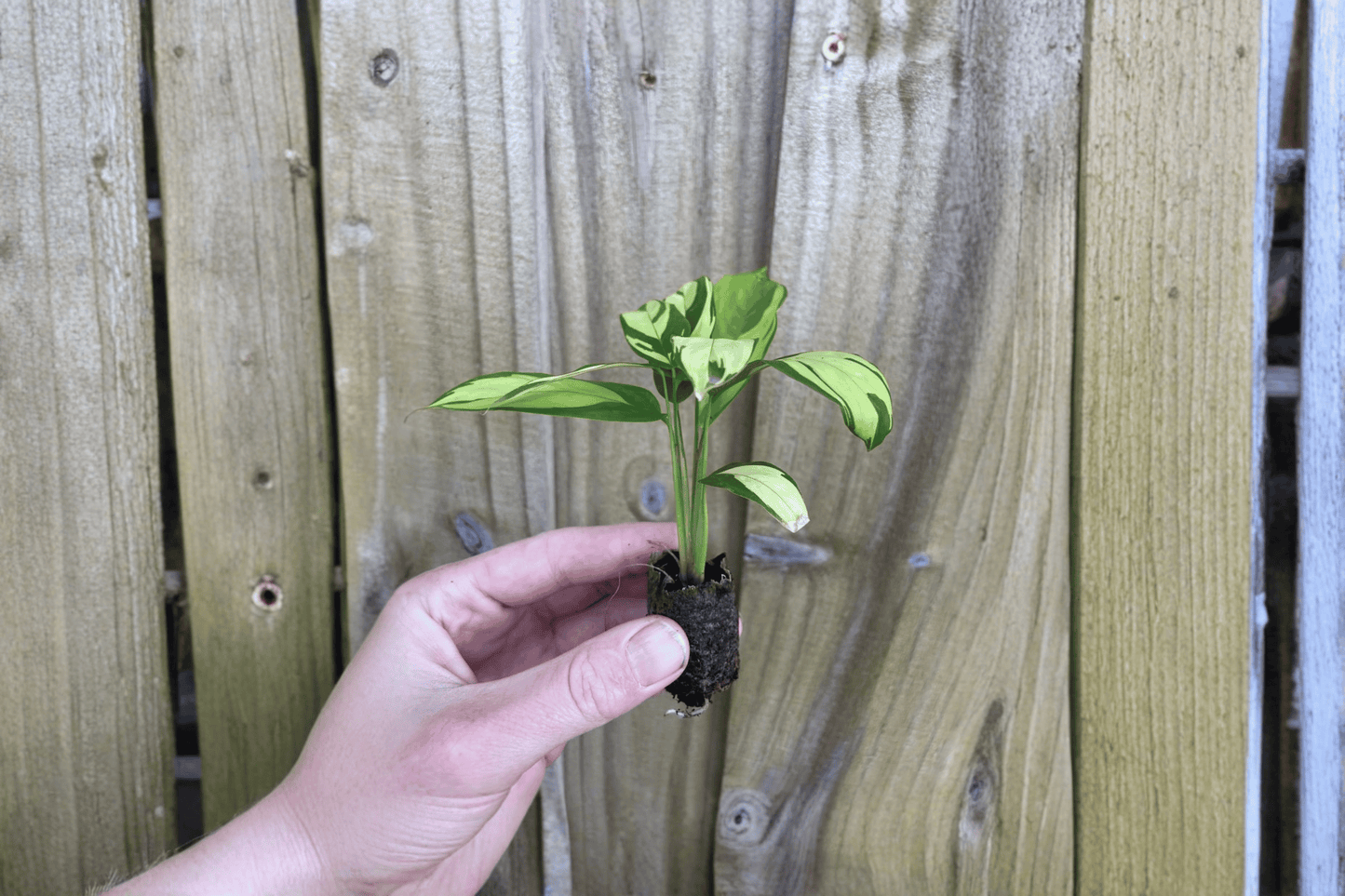 2 Calathea pilosa Starter Plants Bare Root – Goeppertia pilosa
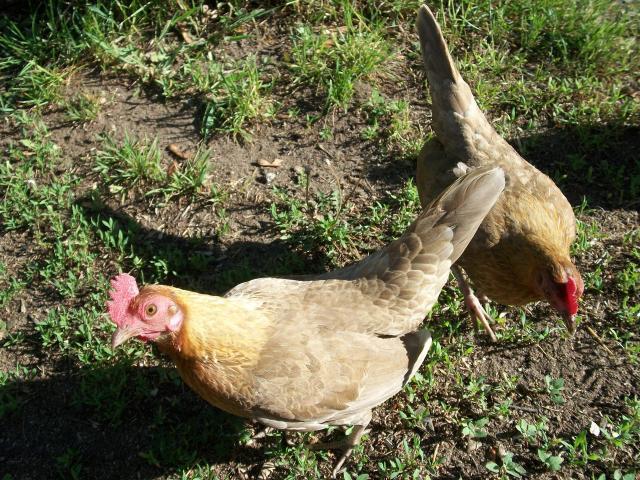 19303_chickens_june_7_2010_002.jpg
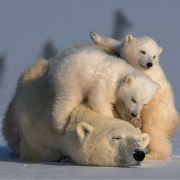 带老外吃遍北京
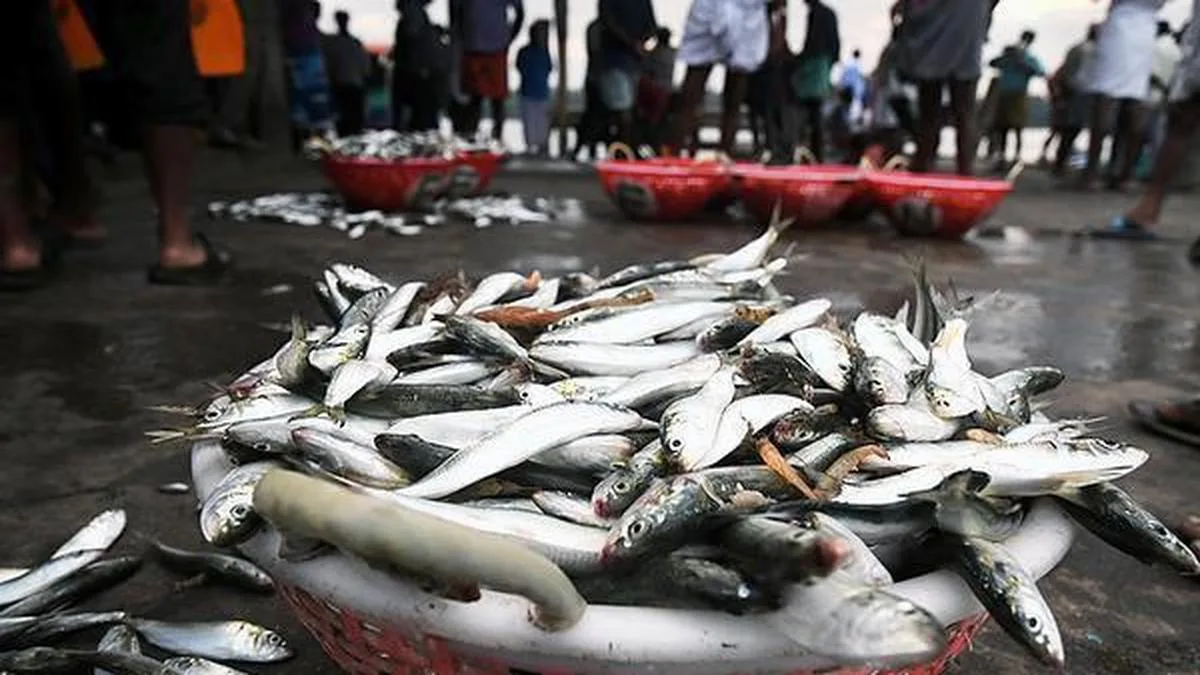 Alleged sale of spoiled fish: authorities to intensify scrutiny of fish markets in Kozhikode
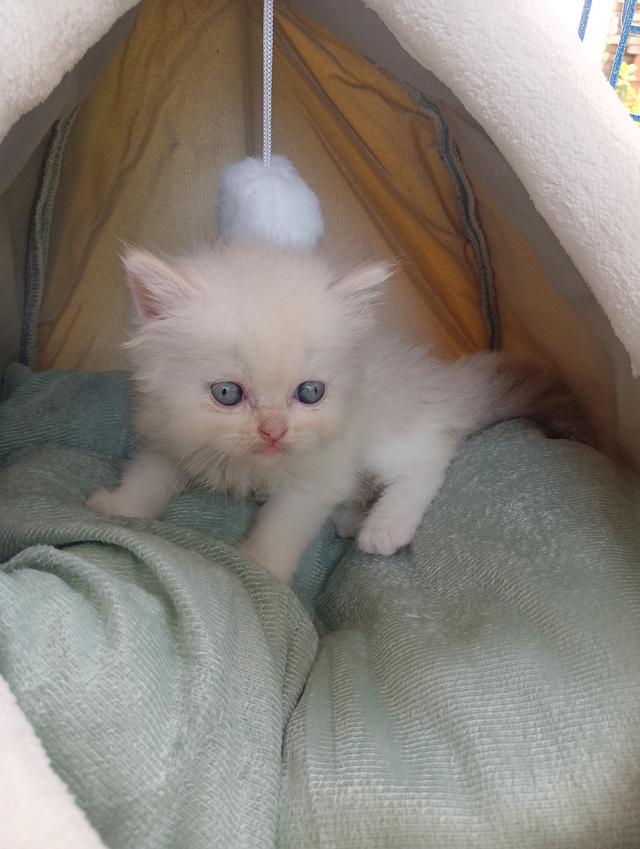 สก็อตติชเพศเมีย น่ารัก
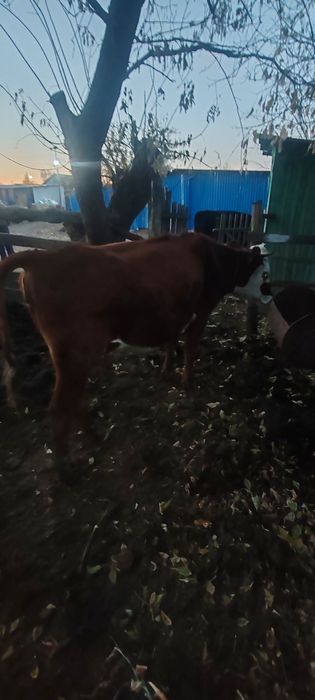 продам быка телкути корову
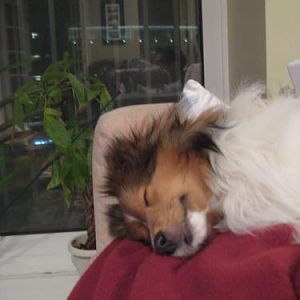 tuckered out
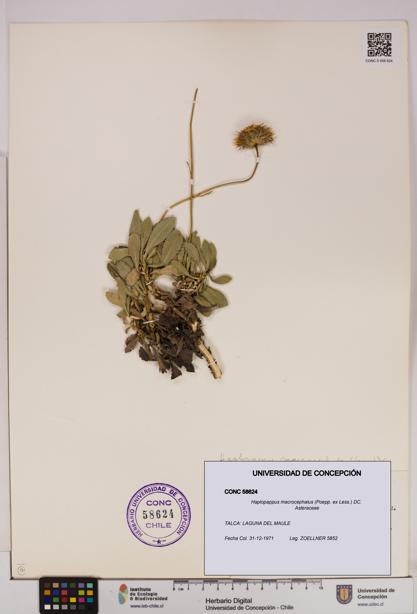 Haplopappus macrocephalus [Espécimen: UDEC:CONC:0058624]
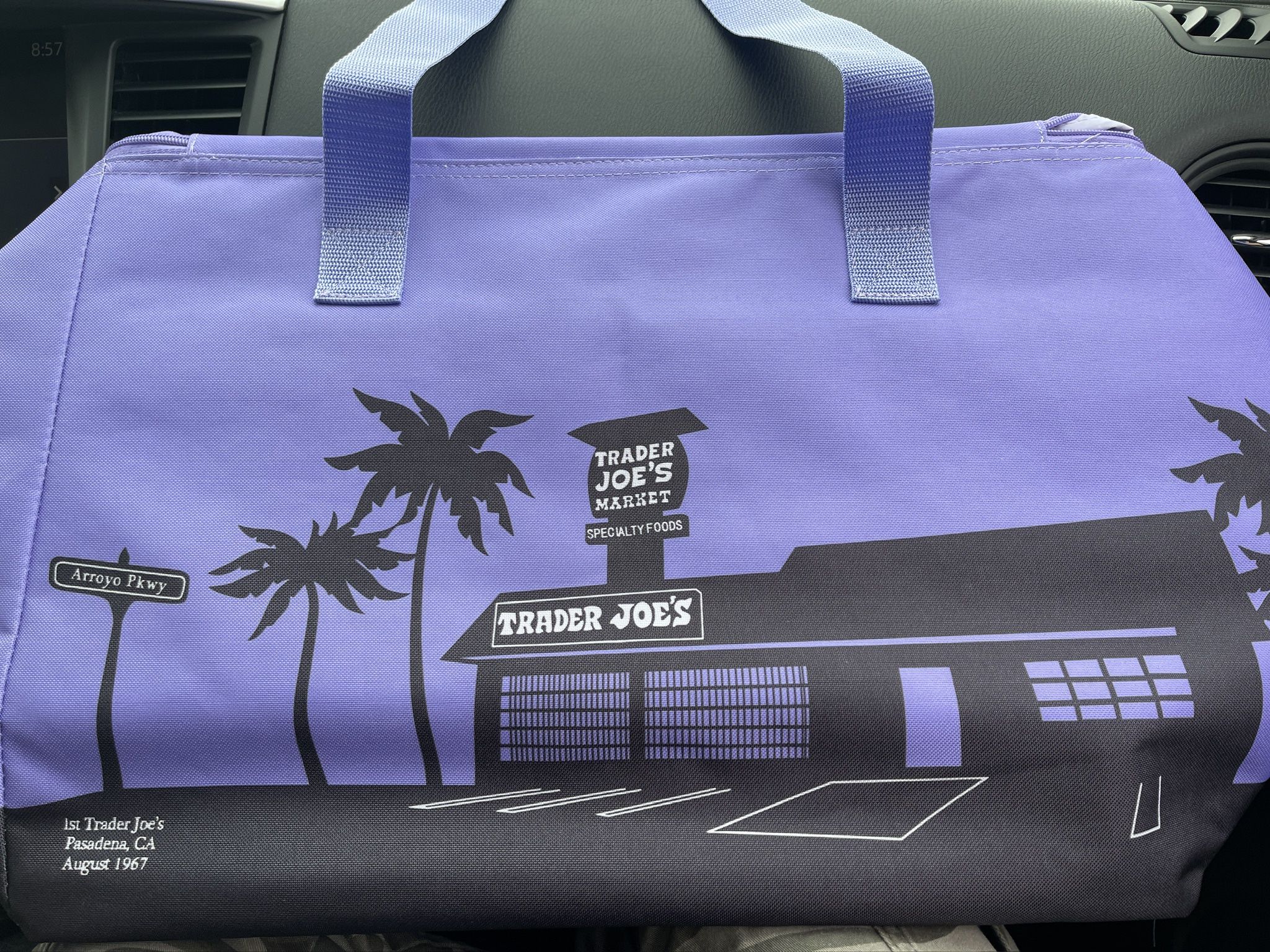 Trader Joes Large Insulated Bag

__ACTION ITEM__
Set down every line above exactly, pictures excluded.

__ANSWER BELOW__
 2 Calathea pilosa Starter Plants Bare Root – Goeppertia pilosa
 19303_chickens_june_7_2010_002.jpg
 带老外吃遍北京
 Alleged sale of spoiled fish: authorities to intensify scrutiny of fish markets in Kozhikode
 สก็อตติชเพศเมีย น่ารัก
 продам быка телкути корову
 tuckered out
 Haplopappus macrocephalus [Espécimen: UDEC:CONC:0058624]
 Trader Joes Large Insulated Bag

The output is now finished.